Thanks, nice person!

3 comments:

A D MacHine said...

Wow! Ha - we're famous! Thanks for the feature!

But I've gotta say, Stinky Picnic is not a matter of me "sampling" Indi and "making music" out of what she does by "adding" stuff. We jam it all out live with a loop pedal and a studio full of junk (drums, guitars, saucepan lids, violins, toy pianos, bells, etc etc etc). These songs are all jammed out real-time, by both of us - or Indi will come up with a lyric and a tune, and I'll try to play that on an instrument. I do the editing (very minor, mostly trimming), and I do the uploading - but we create the songs you hear 100% together. Just so you know, because your review makes it sound like it's me doing all the creativity, with Indi as mere source material.

Regardless - thanks so much for the feature! Love what you do, and was delighted to be told that our little band is interesting enough to be mentioned on such an esteemed blogsite as yours.

ADM

PS: It's a mandolin on 'Ellie the Elephant'.

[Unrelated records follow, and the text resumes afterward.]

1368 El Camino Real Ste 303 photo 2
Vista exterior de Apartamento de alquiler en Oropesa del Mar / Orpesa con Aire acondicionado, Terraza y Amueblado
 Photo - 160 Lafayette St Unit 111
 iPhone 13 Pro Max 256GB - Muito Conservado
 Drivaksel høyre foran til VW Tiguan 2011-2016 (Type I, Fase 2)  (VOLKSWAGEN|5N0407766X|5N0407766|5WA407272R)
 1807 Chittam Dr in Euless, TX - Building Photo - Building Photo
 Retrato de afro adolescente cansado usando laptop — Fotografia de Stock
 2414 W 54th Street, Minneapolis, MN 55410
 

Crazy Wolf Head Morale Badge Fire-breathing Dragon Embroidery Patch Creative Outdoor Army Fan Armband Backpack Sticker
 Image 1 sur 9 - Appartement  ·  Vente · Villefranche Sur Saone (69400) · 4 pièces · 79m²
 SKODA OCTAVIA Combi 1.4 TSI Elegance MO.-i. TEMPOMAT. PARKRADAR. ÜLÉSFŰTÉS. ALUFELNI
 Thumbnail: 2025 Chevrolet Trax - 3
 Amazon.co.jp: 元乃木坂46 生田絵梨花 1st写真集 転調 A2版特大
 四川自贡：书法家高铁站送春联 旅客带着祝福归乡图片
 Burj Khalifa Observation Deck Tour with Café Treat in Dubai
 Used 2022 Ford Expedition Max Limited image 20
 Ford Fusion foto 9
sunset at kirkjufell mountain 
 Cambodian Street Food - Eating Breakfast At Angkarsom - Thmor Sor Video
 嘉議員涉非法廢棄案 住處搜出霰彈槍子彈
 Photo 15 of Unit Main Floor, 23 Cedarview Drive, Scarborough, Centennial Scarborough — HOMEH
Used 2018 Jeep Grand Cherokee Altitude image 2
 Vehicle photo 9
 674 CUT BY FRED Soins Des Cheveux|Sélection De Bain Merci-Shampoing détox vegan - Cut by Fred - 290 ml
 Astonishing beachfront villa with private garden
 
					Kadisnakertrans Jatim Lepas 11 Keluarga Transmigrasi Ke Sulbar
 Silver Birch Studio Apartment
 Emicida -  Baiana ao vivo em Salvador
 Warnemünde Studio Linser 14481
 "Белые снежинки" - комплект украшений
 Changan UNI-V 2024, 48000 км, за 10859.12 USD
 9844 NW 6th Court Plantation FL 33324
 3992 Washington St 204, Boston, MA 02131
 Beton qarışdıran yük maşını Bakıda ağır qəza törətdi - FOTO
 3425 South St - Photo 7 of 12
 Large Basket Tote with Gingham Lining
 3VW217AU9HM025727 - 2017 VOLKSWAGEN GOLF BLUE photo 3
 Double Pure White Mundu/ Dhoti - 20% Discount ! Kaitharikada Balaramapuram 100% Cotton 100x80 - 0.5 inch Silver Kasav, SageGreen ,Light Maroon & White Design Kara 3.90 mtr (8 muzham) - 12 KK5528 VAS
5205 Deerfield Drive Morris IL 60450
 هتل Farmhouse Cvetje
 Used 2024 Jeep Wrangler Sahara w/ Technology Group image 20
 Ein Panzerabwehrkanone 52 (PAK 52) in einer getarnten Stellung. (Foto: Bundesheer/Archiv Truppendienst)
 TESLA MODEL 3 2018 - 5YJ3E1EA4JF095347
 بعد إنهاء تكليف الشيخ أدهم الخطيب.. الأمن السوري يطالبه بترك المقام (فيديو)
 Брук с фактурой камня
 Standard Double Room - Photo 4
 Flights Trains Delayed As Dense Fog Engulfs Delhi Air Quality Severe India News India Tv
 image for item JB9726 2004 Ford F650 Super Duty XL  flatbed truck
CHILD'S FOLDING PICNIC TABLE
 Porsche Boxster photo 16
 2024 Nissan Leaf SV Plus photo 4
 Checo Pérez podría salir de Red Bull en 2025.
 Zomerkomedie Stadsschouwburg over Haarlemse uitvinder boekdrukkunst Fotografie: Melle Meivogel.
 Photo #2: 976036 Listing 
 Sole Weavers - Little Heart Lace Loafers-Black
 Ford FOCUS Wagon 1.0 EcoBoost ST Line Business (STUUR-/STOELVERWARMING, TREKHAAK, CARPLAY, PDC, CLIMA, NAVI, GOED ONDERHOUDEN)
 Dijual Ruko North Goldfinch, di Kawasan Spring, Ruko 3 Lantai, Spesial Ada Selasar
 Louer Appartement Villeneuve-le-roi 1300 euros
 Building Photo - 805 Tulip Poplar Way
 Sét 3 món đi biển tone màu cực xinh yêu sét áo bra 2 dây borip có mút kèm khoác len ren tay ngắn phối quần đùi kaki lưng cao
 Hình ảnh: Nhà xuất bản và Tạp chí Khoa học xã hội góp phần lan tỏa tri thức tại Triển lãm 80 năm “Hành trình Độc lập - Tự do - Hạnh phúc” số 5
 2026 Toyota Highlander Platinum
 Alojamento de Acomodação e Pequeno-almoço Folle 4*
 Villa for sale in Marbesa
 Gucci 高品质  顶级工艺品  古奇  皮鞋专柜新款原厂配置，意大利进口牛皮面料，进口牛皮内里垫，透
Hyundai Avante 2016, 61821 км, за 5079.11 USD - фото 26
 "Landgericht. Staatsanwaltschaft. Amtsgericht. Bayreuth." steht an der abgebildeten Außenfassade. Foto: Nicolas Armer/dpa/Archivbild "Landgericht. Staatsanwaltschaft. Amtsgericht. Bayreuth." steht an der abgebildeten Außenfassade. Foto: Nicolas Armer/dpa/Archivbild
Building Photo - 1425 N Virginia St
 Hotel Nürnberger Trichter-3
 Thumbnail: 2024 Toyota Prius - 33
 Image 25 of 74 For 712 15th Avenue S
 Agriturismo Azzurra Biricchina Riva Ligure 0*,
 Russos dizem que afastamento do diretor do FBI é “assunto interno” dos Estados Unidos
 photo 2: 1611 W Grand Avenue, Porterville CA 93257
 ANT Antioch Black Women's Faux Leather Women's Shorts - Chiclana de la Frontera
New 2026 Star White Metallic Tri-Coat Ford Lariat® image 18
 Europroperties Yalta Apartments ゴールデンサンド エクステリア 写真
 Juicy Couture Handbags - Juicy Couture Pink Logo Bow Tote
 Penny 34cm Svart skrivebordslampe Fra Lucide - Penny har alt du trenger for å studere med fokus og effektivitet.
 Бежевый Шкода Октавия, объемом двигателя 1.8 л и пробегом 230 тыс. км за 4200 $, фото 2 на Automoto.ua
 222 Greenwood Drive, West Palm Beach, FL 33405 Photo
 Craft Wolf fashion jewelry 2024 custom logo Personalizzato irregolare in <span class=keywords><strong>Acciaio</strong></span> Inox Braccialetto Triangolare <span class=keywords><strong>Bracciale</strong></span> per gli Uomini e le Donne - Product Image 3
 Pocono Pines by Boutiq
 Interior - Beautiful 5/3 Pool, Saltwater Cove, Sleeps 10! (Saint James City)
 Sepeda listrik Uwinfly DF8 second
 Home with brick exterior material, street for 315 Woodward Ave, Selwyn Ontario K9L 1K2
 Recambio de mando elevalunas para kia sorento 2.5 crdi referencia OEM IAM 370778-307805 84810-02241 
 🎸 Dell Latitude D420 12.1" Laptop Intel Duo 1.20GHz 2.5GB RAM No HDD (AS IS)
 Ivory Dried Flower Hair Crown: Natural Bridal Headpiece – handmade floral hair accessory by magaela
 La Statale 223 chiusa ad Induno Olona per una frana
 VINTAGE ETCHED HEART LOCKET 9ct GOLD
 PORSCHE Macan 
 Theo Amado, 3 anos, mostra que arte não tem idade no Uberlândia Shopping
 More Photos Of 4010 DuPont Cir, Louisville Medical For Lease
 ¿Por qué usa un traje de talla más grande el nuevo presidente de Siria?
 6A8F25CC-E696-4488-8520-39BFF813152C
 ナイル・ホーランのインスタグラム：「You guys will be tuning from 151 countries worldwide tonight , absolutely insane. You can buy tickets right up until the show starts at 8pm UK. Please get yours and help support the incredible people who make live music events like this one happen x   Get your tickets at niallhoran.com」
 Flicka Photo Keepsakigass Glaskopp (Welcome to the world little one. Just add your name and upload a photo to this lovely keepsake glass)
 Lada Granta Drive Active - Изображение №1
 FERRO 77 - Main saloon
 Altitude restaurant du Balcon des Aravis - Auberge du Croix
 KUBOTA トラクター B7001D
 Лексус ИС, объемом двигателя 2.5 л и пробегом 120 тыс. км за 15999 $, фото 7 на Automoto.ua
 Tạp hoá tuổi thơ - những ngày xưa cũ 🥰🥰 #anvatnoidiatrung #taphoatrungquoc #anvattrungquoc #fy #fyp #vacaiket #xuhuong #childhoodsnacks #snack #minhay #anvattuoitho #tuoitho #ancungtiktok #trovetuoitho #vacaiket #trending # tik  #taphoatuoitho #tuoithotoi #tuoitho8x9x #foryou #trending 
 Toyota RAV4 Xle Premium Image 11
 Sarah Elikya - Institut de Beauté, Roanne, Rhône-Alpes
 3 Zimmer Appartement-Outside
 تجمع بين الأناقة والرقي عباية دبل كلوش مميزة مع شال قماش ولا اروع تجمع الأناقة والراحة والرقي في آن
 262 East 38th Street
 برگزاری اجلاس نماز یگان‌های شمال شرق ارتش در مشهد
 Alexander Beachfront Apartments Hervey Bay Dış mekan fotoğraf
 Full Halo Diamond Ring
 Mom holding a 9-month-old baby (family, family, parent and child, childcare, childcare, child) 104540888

PPS: A new album is in the works! For some reason, there seems to be a focus on extreme noise this time round... yeeehah!

Mr Fab said...

Great to hear from you, my fellow weird music dad! I was just guessing as to your working method. But I will add your description to my post.

Let me know when the new album drops, eh?

Ivan T. W. said...

Incredible stuff, I'm mostly jealous because I'm pretty sure this was the plan I had with any daughters I eventually sire. I remember when I was a teenager I had my at-the-time very young cousin sing into a mic while I used an echo/delay to screw with the results. I seem to remember it freaking her out. People don't even understand experimental music when they're young!